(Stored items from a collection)
——————————

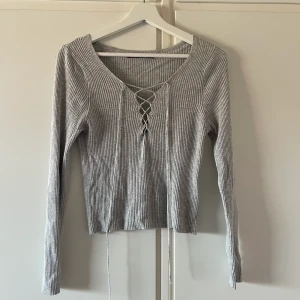 Topp - Topp med snörning, från bik bok. Går att pruta 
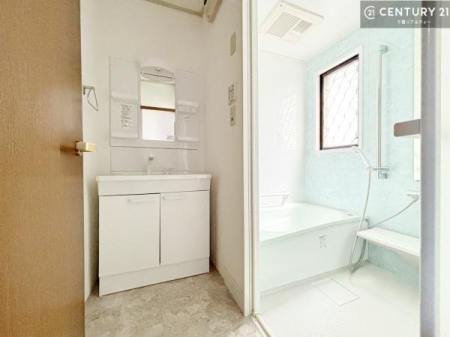 ���ʑ�E���ʏ� �g�Ȃ�𐮂�����ʏ��́A���������厖�ł��I������̐������̂��镵�͋C�����o�I�C�����悭���g�����������܂��B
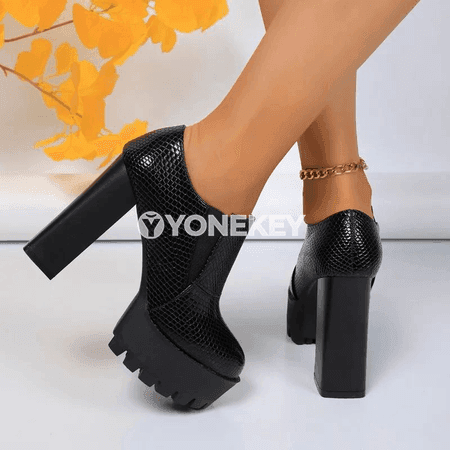 Zenanlar üçin gara ýokary ökjeli deri köwüşler, klassiki model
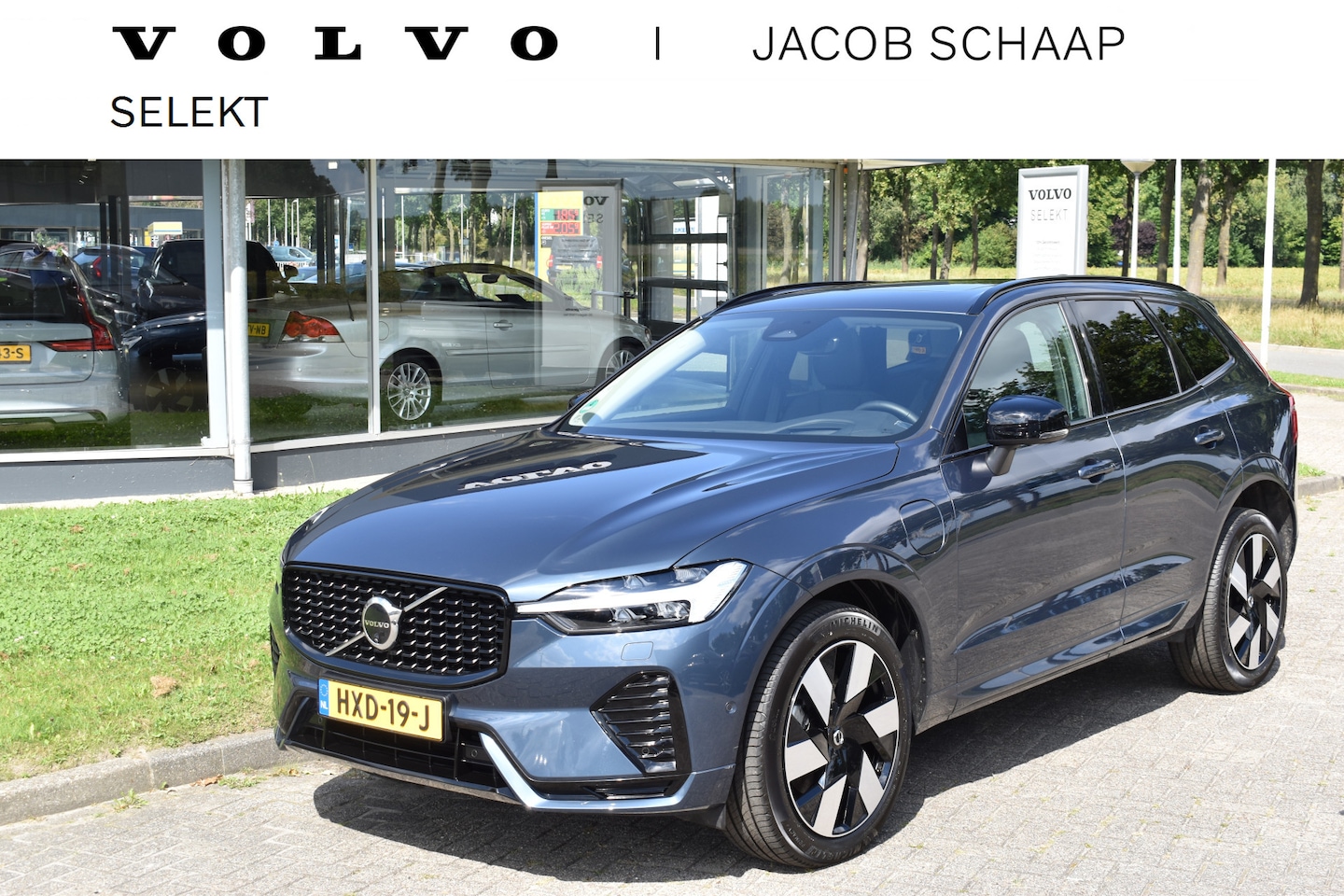 Volvo XC60 - T8 455PK Plug-in hybrid AWD Ultra Dark Pano dak | Head Up Display | 360 Camera | ACC | Pil - AutoWereld.nl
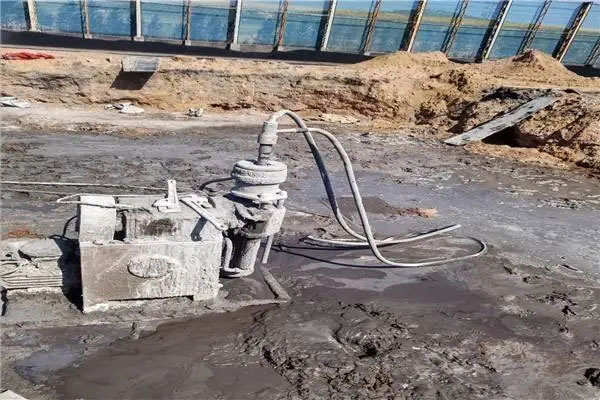 盈江水泡基础注浆加固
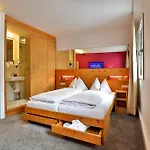 Steinerwirt1493 Hotel Zell am See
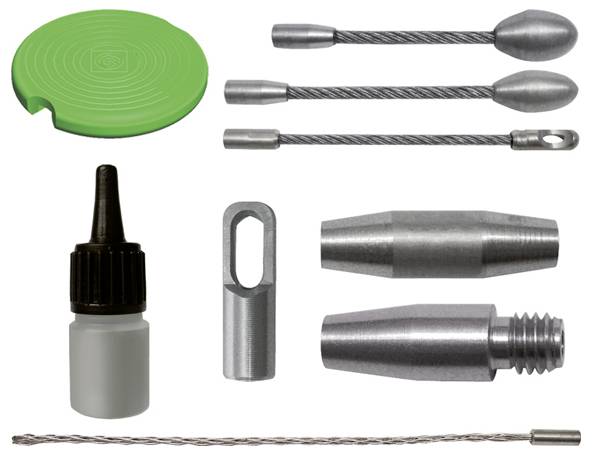 Verschiedene Metall- und Kunststoffkomponenten, einschließlich einer grünen Scheibe, drei Kabelschlaufen und einer kleinen Flasche mit Düse, sind auf einem weißen Hintergrund angeordnet.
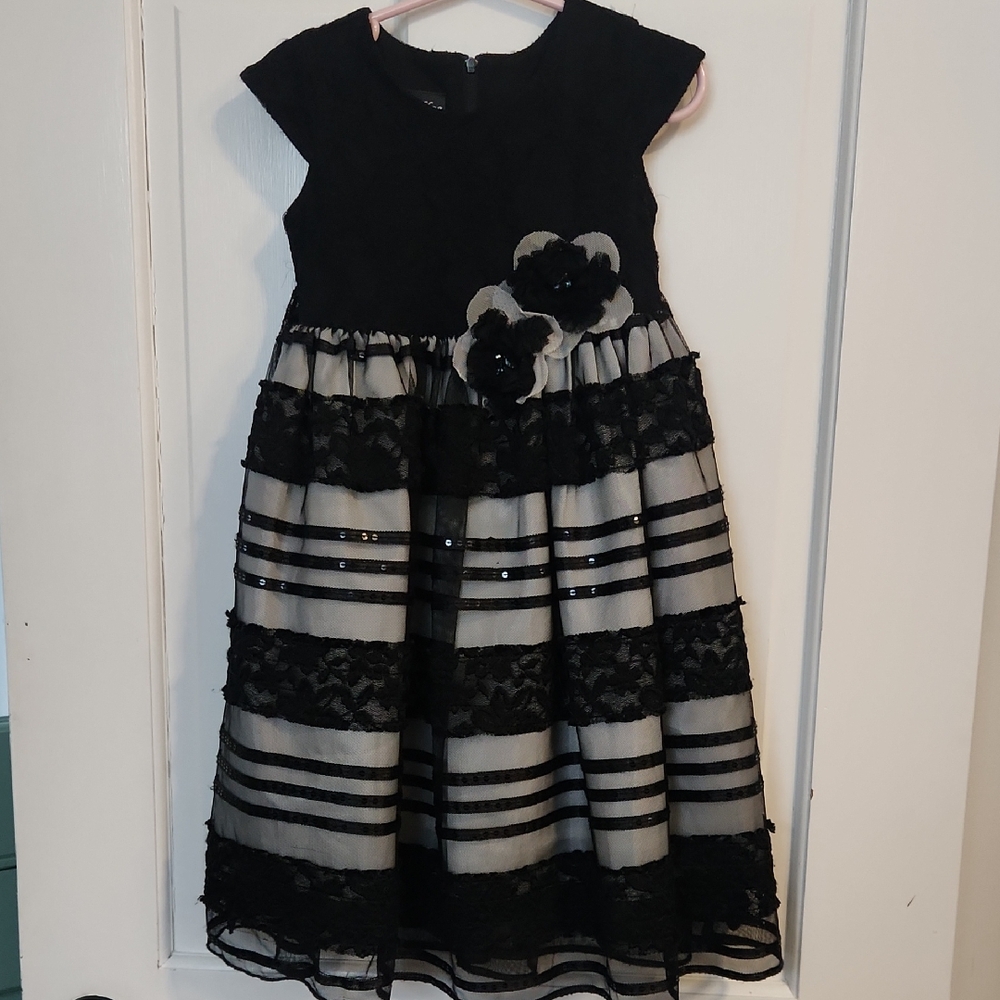 Isobella & Chloe Black and Cream Floral Dress
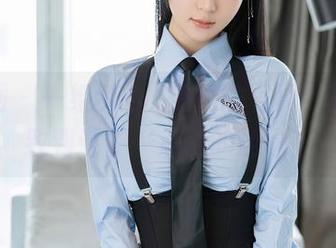 秀人网 – 一组梦心玥油亮的写真，真是精致到过了一点点的边缘！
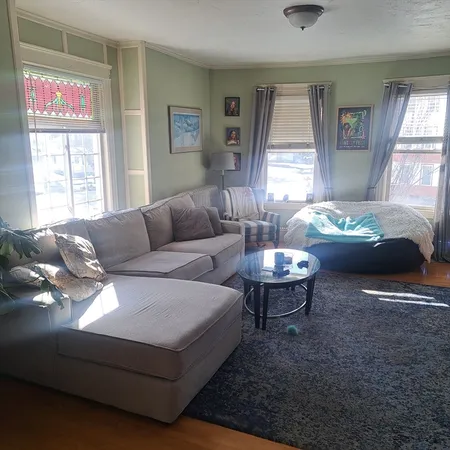 $789,000 | 4 Hartshorn Avenue, Worcester, MA 01602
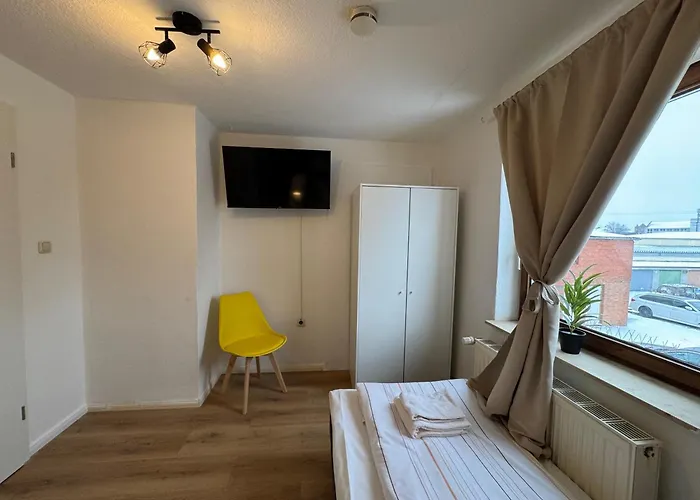 Zentrale 3 Mit Parkplatz * Neumünster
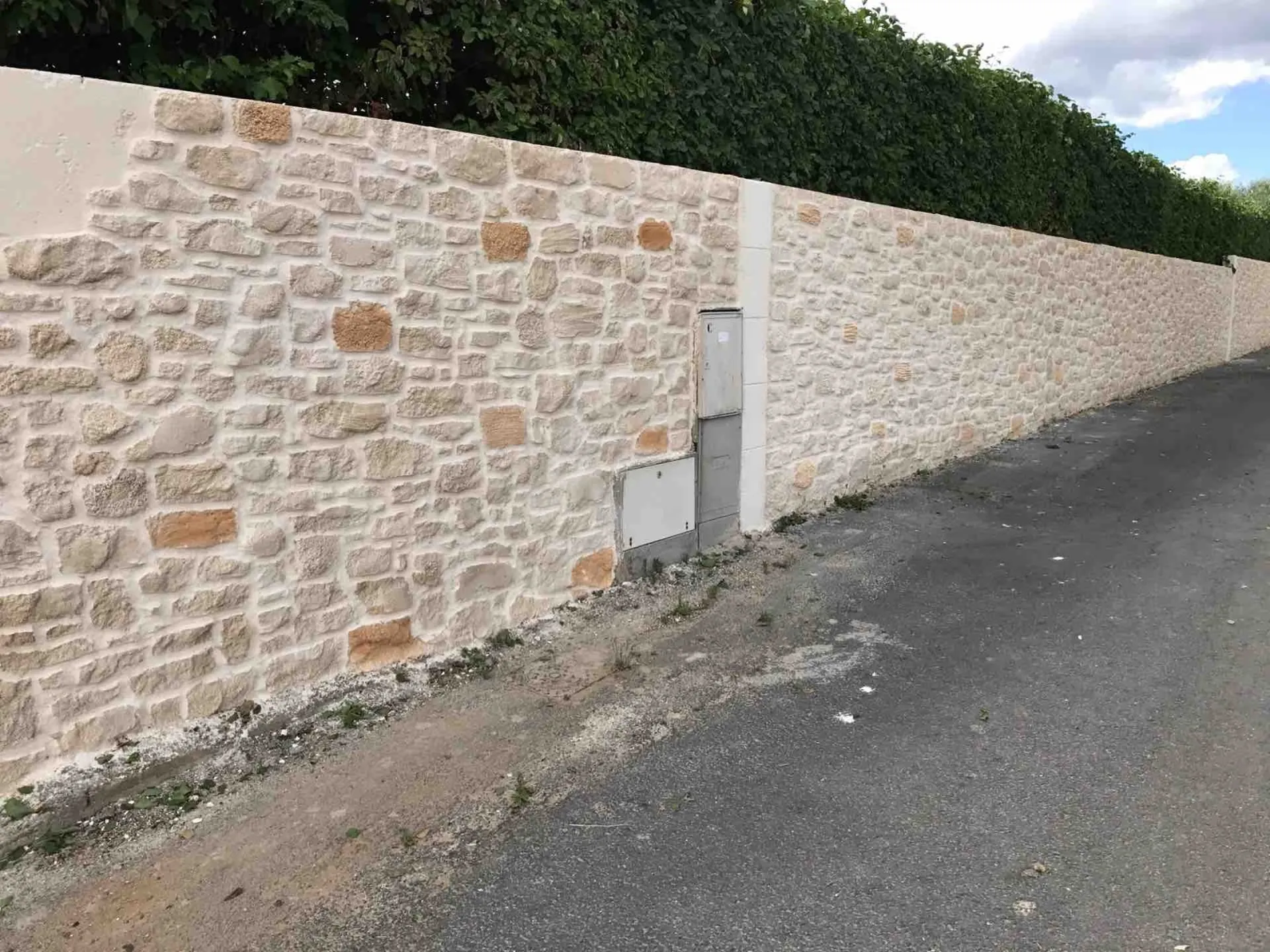 Clôture en pierre taillée avec cascade  et motif à Alignan du vent dans l'Hérault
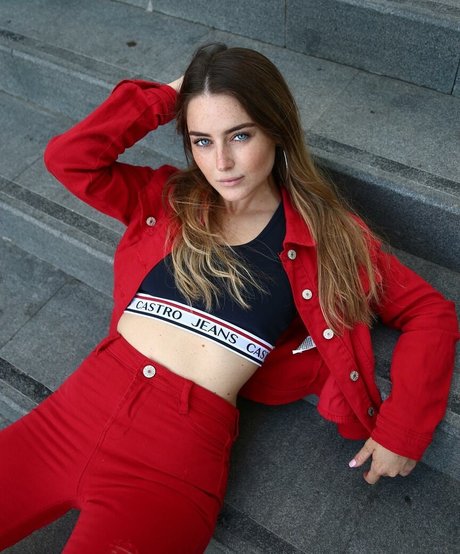 Effy Palarya photo 43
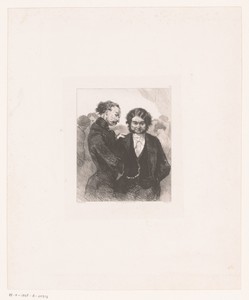 Twee mannen met een gezelschap op de achtergrond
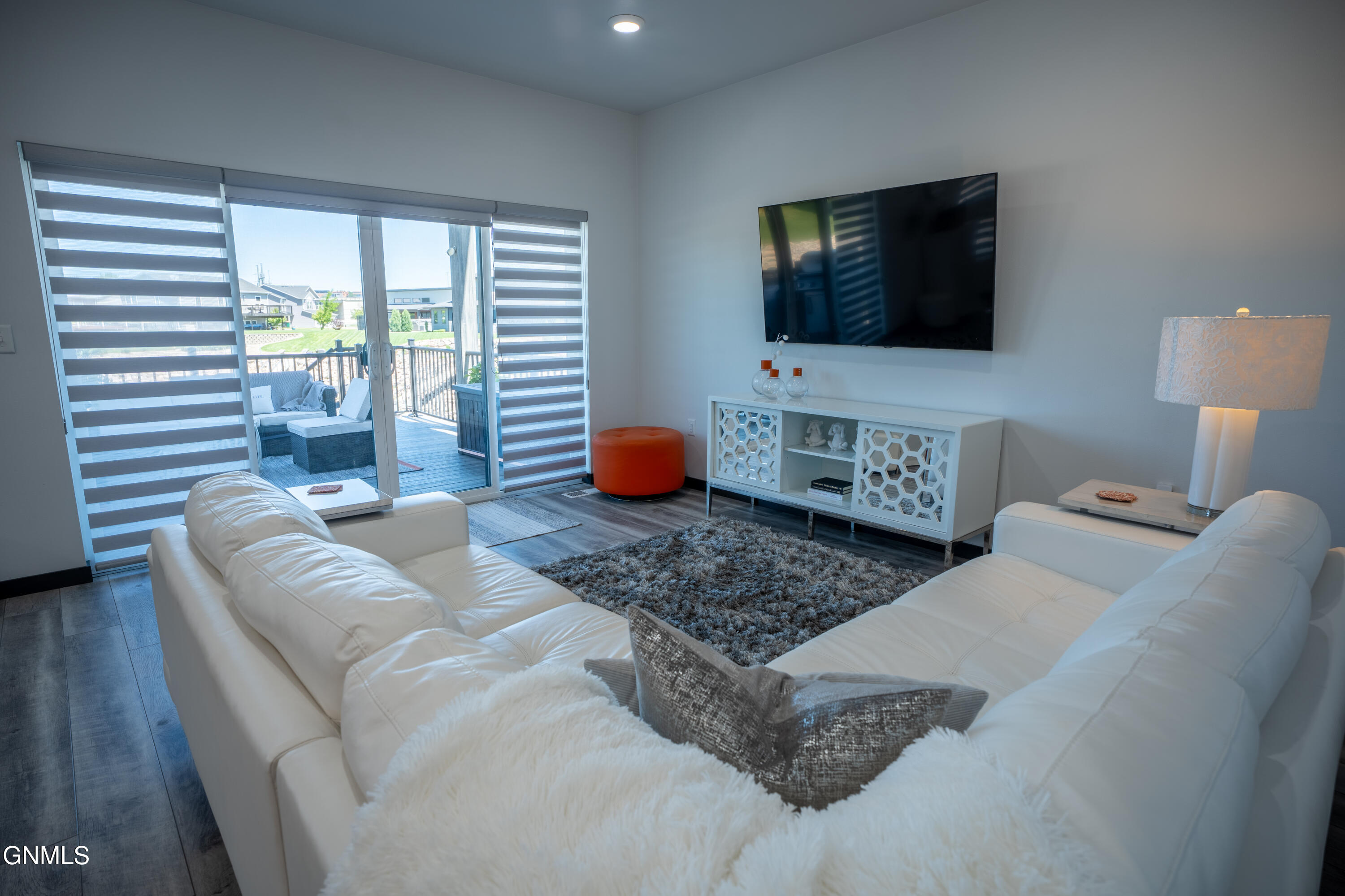 2321 Bayview Court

——————————

### What to do
Using the data above, retype exactly and only the lines from the one containing "Zenanlar üçin gara" up to and including the one containing "Zentrale 3 Mit Parkplatz * Neumünster", with no pictures carried over.

### Reply
 Zenanlar üçin gara ýokary ökjeli deri köwüşler, klassiki model
 Volvo XC60 - T8 455PK Plug-in hybrid AWD Ultra Dark Pano dak | Head Up Display | 360 Camera | ACC | Pil - AutoWereld.nl
 盈江水泡基础注浆加固
 Steinerwirt1493 Hotel Zell am See
 Verschiedene Metall- und Kunststoffkomponenten, einschließlich einer grünen Scheibe, drei Kabelschlaufen und einer kleinen Flasche mit Düse, sind auf einem weißen Hintergrund angeordnet.
 Isobella & Chloe Black and Cream Floral Dress
 秀人网 – 一组梦心玥油亮的写真，真是精致到过了一点点的边缘！
 $789,000 | 4 Hartshorn Avenue, Worcester, MA 01602
 Zentrale 3 Mit Parkplatz * Neumünster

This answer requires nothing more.